Imprevedibilità al potere: fuori 13 teste di serie

A Wimbledon, nel regno della disciplina, trionfa il pensiero creativo di Fabio Fognini e Nick Kyrgios. Vince chi mette la creatività al servizio di un piano chiaro. Le gerarchie scricchiolano

di | 02 luglio 2019

Fabio Fognini

Cosa c'è di più inglese di Wimbledon, delle fragole con la panna e il tè delle cinque? A Church Road, dentro i Doherty Gates, cambia la disposizione dei campi, si ammodernano gli stadi ma resta l'illusione, che è poi nello spirito stesso del tennis, di ricondurre la realtà dentro una disciplina, uno schema, un'ordine. Nella seconda giornata di un torneo ancora in cerca d'autore, la scena l'ha presa chi rompe le gerarchie, chi privilegia il disordine creativo, il pensiero laterale, la voglia di stupire.

 

Quando il pomeriggio diventa sera, sotto una luce che esalta i chiaroscuri e i contrasti, se la prende Fabio Fognini che allarga le braccia al centro del campo e guida il coro sul campo 18. “Po po po po po po po” cantano.
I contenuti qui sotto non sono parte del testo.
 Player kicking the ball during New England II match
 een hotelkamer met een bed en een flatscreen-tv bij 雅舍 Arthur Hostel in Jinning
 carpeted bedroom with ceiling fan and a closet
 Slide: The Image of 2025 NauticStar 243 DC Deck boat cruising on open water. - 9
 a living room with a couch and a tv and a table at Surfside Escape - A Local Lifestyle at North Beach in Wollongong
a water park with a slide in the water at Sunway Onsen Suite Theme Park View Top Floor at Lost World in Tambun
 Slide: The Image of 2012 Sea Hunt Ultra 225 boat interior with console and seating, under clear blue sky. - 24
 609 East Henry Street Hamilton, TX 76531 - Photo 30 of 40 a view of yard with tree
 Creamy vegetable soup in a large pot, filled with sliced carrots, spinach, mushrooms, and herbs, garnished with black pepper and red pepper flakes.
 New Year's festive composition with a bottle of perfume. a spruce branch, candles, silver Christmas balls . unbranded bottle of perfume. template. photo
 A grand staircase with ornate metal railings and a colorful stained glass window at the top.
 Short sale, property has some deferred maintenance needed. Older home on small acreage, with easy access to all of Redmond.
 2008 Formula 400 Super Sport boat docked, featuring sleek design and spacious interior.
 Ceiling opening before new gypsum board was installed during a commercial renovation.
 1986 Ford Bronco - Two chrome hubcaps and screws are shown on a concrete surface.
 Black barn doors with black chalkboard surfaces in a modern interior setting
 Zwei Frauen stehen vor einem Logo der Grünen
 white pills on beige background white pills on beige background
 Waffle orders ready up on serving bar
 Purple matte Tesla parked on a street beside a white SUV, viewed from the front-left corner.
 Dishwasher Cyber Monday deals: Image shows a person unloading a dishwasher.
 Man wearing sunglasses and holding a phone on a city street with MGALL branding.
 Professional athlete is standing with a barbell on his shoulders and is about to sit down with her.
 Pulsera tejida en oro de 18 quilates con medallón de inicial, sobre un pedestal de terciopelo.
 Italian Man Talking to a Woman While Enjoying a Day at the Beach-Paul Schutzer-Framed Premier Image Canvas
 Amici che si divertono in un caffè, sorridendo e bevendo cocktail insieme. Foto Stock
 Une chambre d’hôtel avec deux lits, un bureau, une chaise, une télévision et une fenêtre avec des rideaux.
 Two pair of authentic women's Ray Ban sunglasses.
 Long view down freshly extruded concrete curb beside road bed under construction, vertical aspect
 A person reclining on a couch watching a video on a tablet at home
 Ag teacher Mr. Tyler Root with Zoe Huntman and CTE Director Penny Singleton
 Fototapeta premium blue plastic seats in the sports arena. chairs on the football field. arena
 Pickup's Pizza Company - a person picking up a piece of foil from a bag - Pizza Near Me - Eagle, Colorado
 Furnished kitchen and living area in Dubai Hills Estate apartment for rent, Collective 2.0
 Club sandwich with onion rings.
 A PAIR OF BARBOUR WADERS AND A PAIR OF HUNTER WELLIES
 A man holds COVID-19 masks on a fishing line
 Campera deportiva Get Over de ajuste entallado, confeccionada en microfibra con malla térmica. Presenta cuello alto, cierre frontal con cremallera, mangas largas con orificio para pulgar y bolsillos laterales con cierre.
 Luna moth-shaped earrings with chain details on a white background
La musica è la stessa del trionfo al Mondiale di calcio del 2006, quella di Seven Nation Army dei White Stripes, icona anti-militarista diventata immancabile inno di vittoria.

 

Canta come a zittire le critiche degli anni passati, canta e dirige, si gode un momento empatico mentre sulle tribune sottili si sollevano le bandiere tricolori. L'Inghilterra è meno perfida, stavolta. Fognini vince di gestione e precisione, di testa e d'emozione. Vince una partita non semplice, che racconta due verità. Dice che Frances Tiafoe può avere tutto per diventare un grande giocatore, dice che Fognini ha la convinzione del campione. Montecarlo ha davvero cambiato i paradigmi di una carriera. Così una partita discontinua non si trasforma in un rimpianto ma si scioglie in un coro di trionfo dopo un ultimo turno di battuta da consumato battitore. L'ungherese Fucsovics, ex finalista junior a Wimbledon,

 

E' un tumulto del cielo che non sbaglia momento, poi, il secondo set di Giulia Gatto-Monticone sul Centrale contro Serena Williams che giocherà il doppio misto con Andy Murray. È un regalo, un premio alla tenacia che non cede allo sconforto. È un'occhiata oltre l'orizzonte. A quegli orizzonti più vasti mira anche Matteo Berrettini con la sua compostezza profonda, l'auto-analisi mai scontata, l'arte di capire, di applicare, di interpretare l'illusione di ordine e disciplina con una speziatura di italico vezzo per il ricamo. Un uomo coi capelli da ragazzo, che viene prima del giocatore e ne sostiene le ambizioni a passi misurati, regolari. Un uomo con le spalle larghe che lo sa lui come si fa, ma la fortuna non sa nemmeno cos'è.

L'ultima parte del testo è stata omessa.